La mission de maintien de la paix de l'ONU au Liban patrouille le long de la Ligne bleue avec l'armée libanaise.
© UNIFIL
La mission de maintien de la paix de l'ONU au Liban patrouille le long de la Ligne bleue avec l'armée libanaise.
Alors que le nombre de conflits est à son plus haut niveau depuis la fin de la seconde guerre mondiale, l’ONU s’interroge sur l’avenir de son instrument phare : le maintien de la paix. Entre héritage revendiqué et critiques croissantes, les casques bleus doivent se réinventer pour faire face aux nouvelles menaces, dans un contexte de fragmentation géopolitique. 

Plus de 60.000 casques bleus, déployés dans 11 missions à travers le monde, incarnent encore aujourd’hui l’action la plus visible des Nations Unies sur le terrain. « Le maintien de la paix n’est pas un luxe ; c’est une bouée de sauvetage pour des millions d’êtres humains », a rappelé mardi Jean-Pierre Lacroix, le chef des opérations de paix de l’ONU, lors d’un débat consacré à leur avenir au Conseil de sécurité – le seul organe habilité à créer ces missions. 

Tweet URL

Le constat qu’il dresse est sévère : jamais depuis 1946 autant de guerres n’ont ravagé la planète – plus de 60 conflits recensés en 2024 selon l’université d’Uppsala – et jamais la recherche de solutions politiques n’a semblé aussi ardue.

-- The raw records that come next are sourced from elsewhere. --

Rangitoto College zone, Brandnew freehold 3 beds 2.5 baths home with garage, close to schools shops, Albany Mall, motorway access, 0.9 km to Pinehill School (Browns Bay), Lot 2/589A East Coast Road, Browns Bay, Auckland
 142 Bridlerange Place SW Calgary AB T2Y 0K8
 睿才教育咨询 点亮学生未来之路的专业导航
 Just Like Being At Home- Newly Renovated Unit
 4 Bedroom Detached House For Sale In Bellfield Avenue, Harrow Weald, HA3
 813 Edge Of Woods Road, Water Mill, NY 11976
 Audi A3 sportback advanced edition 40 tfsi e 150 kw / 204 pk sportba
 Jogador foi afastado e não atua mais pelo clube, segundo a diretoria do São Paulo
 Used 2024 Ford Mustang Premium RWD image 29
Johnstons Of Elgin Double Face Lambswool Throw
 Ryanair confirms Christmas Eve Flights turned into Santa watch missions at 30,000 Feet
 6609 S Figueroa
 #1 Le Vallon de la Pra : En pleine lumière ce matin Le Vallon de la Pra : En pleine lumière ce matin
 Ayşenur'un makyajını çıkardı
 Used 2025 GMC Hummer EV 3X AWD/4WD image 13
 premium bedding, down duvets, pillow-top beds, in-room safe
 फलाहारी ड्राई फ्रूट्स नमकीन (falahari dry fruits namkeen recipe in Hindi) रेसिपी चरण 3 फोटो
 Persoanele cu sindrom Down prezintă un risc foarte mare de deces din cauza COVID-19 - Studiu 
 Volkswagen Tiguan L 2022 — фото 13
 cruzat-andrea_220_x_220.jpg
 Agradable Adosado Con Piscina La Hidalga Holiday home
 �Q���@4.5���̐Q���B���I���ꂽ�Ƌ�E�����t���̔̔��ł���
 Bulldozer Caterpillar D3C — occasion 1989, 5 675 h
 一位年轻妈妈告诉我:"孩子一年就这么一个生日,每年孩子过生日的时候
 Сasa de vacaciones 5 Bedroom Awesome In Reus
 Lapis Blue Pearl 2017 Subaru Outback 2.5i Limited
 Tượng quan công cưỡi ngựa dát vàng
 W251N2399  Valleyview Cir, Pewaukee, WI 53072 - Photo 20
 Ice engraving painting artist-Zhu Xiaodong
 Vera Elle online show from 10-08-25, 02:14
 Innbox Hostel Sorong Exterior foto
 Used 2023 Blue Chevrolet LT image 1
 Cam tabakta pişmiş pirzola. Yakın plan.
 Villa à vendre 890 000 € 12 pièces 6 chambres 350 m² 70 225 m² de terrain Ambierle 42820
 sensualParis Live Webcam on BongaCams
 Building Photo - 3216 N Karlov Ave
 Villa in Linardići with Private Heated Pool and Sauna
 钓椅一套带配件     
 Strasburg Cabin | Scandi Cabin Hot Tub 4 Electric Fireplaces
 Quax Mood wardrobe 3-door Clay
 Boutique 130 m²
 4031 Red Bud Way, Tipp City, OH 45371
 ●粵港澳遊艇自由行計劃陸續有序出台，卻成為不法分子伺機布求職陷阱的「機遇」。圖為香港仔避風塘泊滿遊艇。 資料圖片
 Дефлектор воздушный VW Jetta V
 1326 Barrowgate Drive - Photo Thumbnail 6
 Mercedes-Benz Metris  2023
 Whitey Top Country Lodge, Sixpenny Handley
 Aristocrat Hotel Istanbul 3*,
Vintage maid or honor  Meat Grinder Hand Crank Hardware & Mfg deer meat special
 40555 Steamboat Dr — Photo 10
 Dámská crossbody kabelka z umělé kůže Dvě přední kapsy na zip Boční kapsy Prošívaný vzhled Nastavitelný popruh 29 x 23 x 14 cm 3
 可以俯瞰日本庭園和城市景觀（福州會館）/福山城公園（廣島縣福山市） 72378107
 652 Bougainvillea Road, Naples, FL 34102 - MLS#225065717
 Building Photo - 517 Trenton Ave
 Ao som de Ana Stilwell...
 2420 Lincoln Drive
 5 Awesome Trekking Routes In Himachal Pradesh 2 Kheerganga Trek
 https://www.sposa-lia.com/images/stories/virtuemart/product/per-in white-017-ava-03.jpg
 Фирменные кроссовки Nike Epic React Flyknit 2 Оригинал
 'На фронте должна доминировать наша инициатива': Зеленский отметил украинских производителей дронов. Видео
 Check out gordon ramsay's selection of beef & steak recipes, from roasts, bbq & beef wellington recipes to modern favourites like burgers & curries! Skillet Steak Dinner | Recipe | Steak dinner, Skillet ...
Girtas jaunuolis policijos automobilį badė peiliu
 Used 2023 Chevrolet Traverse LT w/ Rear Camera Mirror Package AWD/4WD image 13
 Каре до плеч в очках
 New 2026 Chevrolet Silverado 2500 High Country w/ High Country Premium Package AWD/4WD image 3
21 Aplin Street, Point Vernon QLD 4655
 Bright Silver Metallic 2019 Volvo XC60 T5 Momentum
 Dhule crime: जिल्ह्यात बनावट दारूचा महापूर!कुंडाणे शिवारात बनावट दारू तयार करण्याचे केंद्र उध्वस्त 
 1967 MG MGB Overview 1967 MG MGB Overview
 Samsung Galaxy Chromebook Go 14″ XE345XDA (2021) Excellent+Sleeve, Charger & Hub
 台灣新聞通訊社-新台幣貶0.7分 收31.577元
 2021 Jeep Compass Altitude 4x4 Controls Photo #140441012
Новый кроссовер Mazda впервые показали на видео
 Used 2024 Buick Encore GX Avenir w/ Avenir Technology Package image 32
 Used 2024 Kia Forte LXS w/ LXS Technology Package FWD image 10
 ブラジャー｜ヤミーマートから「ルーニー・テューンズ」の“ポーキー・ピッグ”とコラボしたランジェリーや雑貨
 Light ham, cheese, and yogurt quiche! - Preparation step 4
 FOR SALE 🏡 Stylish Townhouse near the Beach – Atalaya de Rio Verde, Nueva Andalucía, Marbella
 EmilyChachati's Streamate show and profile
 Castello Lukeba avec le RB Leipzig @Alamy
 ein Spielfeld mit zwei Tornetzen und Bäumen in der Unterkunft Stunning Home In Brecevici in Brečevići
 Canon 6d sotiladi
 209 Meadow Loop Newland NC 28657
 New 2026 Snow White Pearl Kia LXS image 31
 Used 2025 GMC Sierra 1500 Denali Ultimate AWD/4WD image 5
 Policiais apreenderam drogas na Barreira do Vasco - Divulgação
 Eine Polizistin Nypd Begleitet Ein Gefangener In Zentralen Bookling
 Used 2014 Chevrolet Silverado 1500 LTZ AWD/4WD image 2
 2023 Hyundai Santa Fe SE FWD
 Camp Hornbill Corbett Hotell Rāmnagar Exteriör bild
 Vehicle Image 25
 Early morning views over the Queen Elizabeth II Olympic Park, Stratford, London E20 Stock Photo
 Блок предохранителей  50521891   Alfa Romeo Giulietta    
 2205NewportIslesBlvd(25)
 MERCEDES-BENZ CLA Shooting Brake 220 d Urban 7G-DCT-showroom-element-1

80 ans d'expérience – et de limites criantes

Face à cet avenir incertain, l’ONU revendique l’héritage de près de huit décennies d’opérations. Mines neutralisées au Soudan du Sud, villages protégés en Centrafrique, cessez-le-feu surveillés au Liban : autant de gestes quotidiens qui traduisent, selon M. Lacroix, « la différence » que les Casques bleus continuent de faire pour les populations. 

Mais il reconnaît aussi les limites : « Nous ne devons pas être indéfiniment responsables de la protection des populations. C’est pourquoi la recherche de solutions politiques doit rester au cœur de ce que nous faisons ».

Les missions politiques en contrepoint

Rosemary DiCarlo, cheffe des affaires politiques des Nations Unies, a souligné l’importance de tirer les leçons de l’histoire, s’agissant non seulement des opérations de maintien de la paix, mais également de leurs proches parentes : les missions politiques spéciales, ces opérations civiles non assorties de contingents armés, mandatées par le Conseil à des fins diplomatiques. De la décolonisation libyenne aux élections post-apartheid en Afrique du Sud, en passant par la médiation au Népal, ces missions ont, selon elle, prouvé leur efficacité lorsqu’elles restaient ciblées, flexibles et peu coûteuses.

Le temps des grandes opérations adossées à des accords de paix ambitieux, comme au Cambodge ou au Timor-Leste, paraît désormais lointain. « Aujourd’hui, les accords de paix globaux sont l’exception, pas la règle », a averti Mme DiCarlo, plaidant pour des mandats « modestes » et « flexibles » – mais aussi, a insisté M. Lacroix, « clairs » et « hiérarchisés ».

Adapter l’outil onusien aux nouvelles menaces

Prolifération des groupes armés non étatiques, usage militaire des drones et de l’intelligence artificielle, montée du crime organisé transnational : autant de facteurs qui compliquent la tâche des casques bleus et exigent des réponses plus souples et innovantes. Les deux responsables convergent sur l’urgence d’adapter l’outil onusien à ces nouvelles menaces. 

Si le chef du maintien de la paix appelle à de meilleures capacités de planification et à des partenariats renforcés, notamment avec l’Union africaine (UA), Mme DiCarlo insiste sur la coordination entre les opérations et les équipes de l’ONU à l’intérieur des pays concernés, pour conjuguer action politique, développement, aspects humanitaires et droits humains. Tous deux mettent en garde contre les approches uniformes et plaident pour des réponses sur mesure.

Reste une constante, rappelée par la responsable onusienne : « L’échec ou la mise en œuvre insuffisante des mandats tient bien souvent au manque de soutien politique ». Dans les pays hôtes, parmi les acteurs régionaux comme au sein du Conseil de sécurité, la volonté fait souvent défaut. Et sans elle, ni les casques bleus, ni les diplomates ne peuvent durablement éteindre les foyers de guerre.